TASK DESCRIPTION: Please reproduce all of the listing below exactly and drop its images.
Top of INFORMATION SUPPLIED
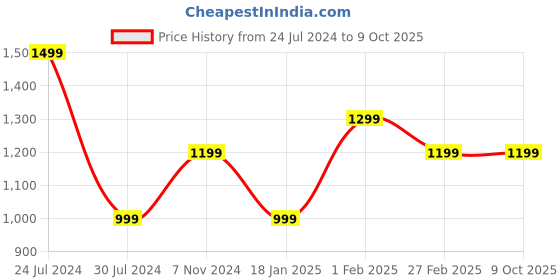tatacliq.com Qurvii Green Printed A Line Dress qurvii Price History Graph from 24 Jul 2024 to 8 Oct 2025
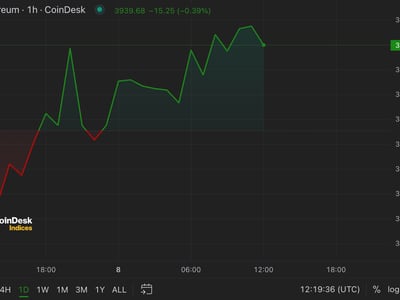 Bitcoin (BTC) Hits ATH on Coinbase: It's More Important Than Price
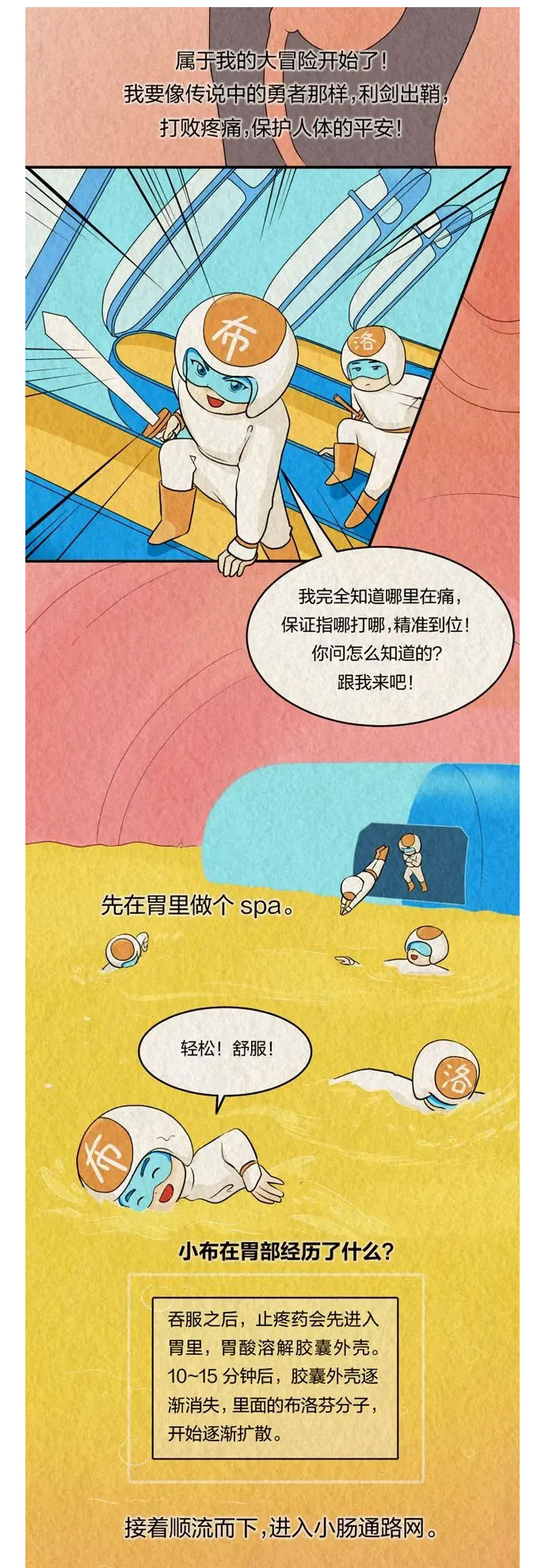 吃下去的布洛芬，到底是怎么找到身体哪儿疼的？2.jpg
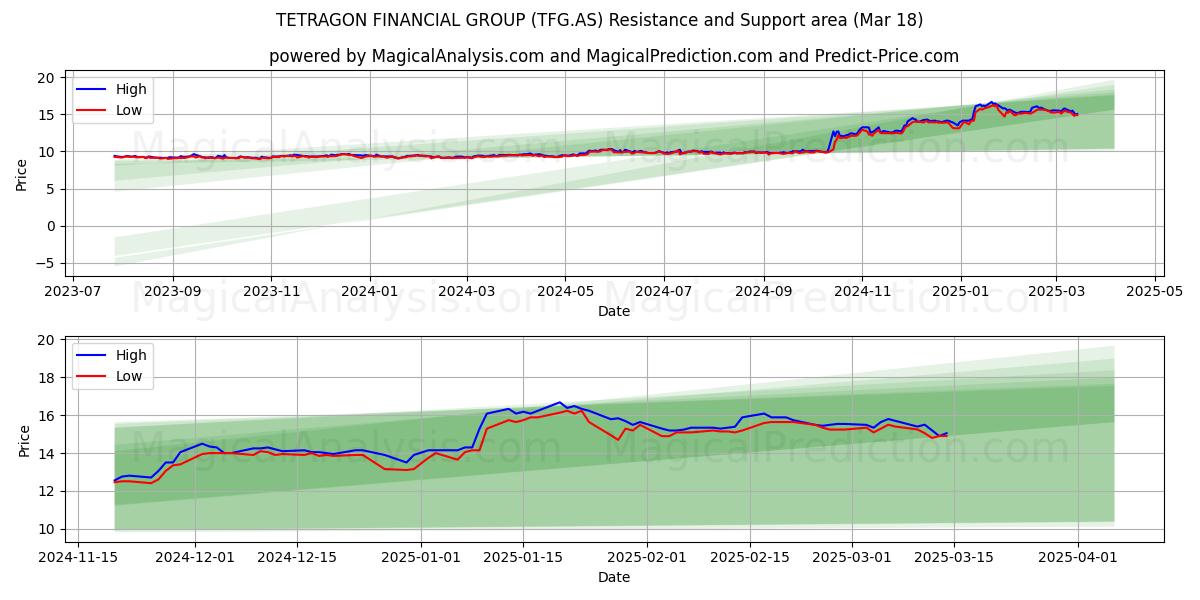  TETRAGON FINANCIAL GROUP (TFG.AS) Support and Resistance area (18 Mar) 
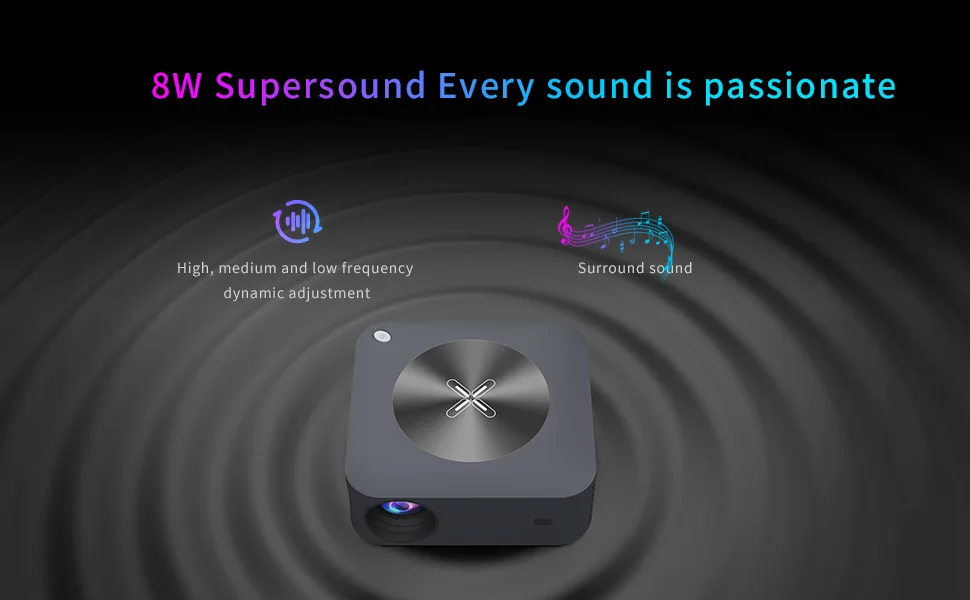 Home professional projector with 1080p hd led lcd projector electric focus 1-4m projection size cinema projector hdmi usb beamer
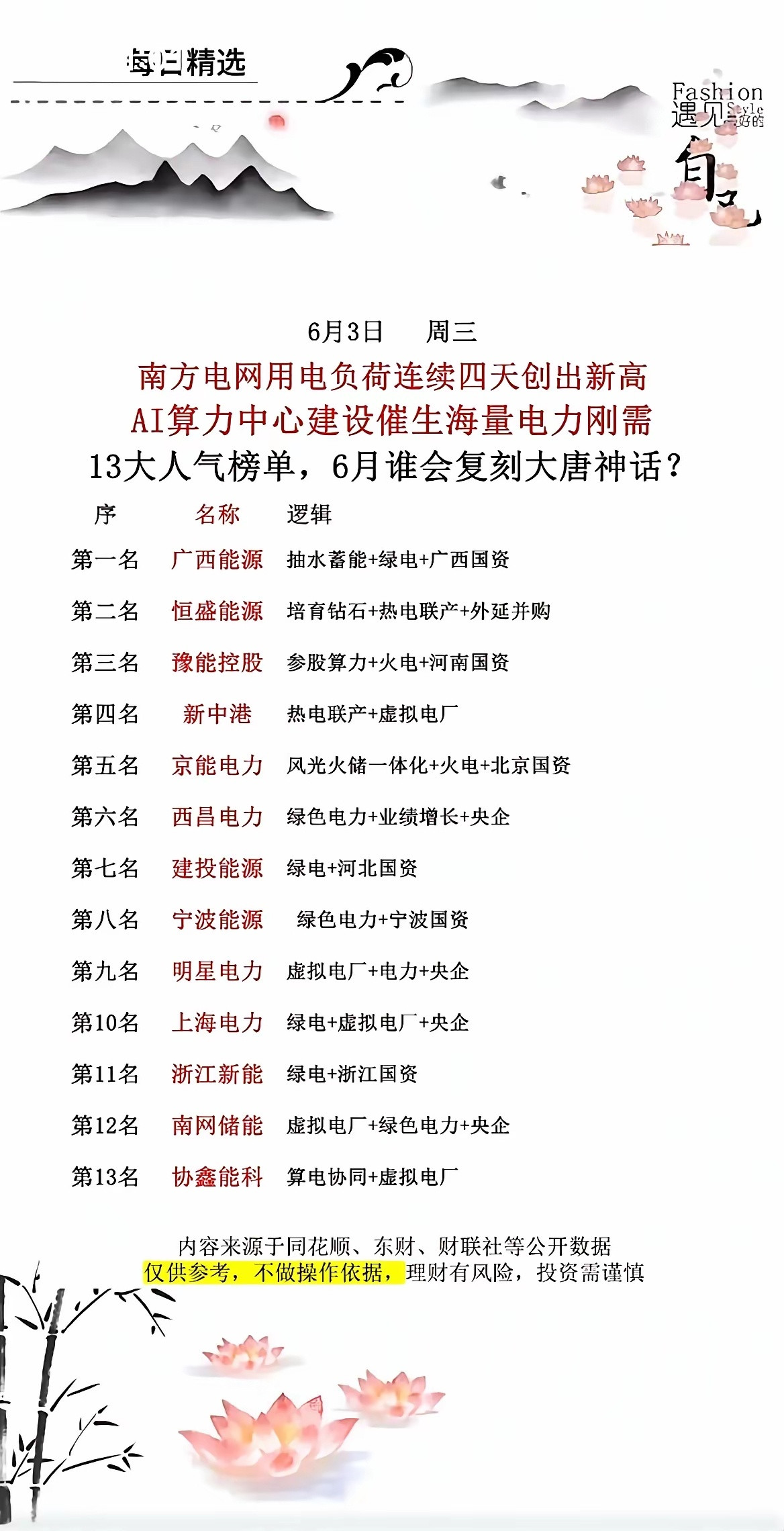 用电负荷连涨破纪录！13只电力核心股出炉，谁有望复刻大唐走势？最近南方电网用电量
Bottom of INFORMATION SUPPLIED
RESPONSE:
tatacliq.com Qurvii Green Printed A Line Dress qurvii Price History Graph from 24 Jul 2024 to 8 Oct 2025
 Bitcoin (BTC) Hits ATH on Coinbase: It's More Important Than Price
 吃下去的布洛芬，到底是怎么找到身体哪儿疼的？2.jpg
  TETRAGON FINANCIAL GROUP (TFG.AS) Support and Resistance area (18 Mar) 
 Home professional projector with 1080p hd led lcd projector electric focus 1-4m projection size cinema projector hdmi usb beamer
 用电负荷连涨破纪录！13只电力核心股出炉，谁有望复刻大唐走势？最近南方电网用电量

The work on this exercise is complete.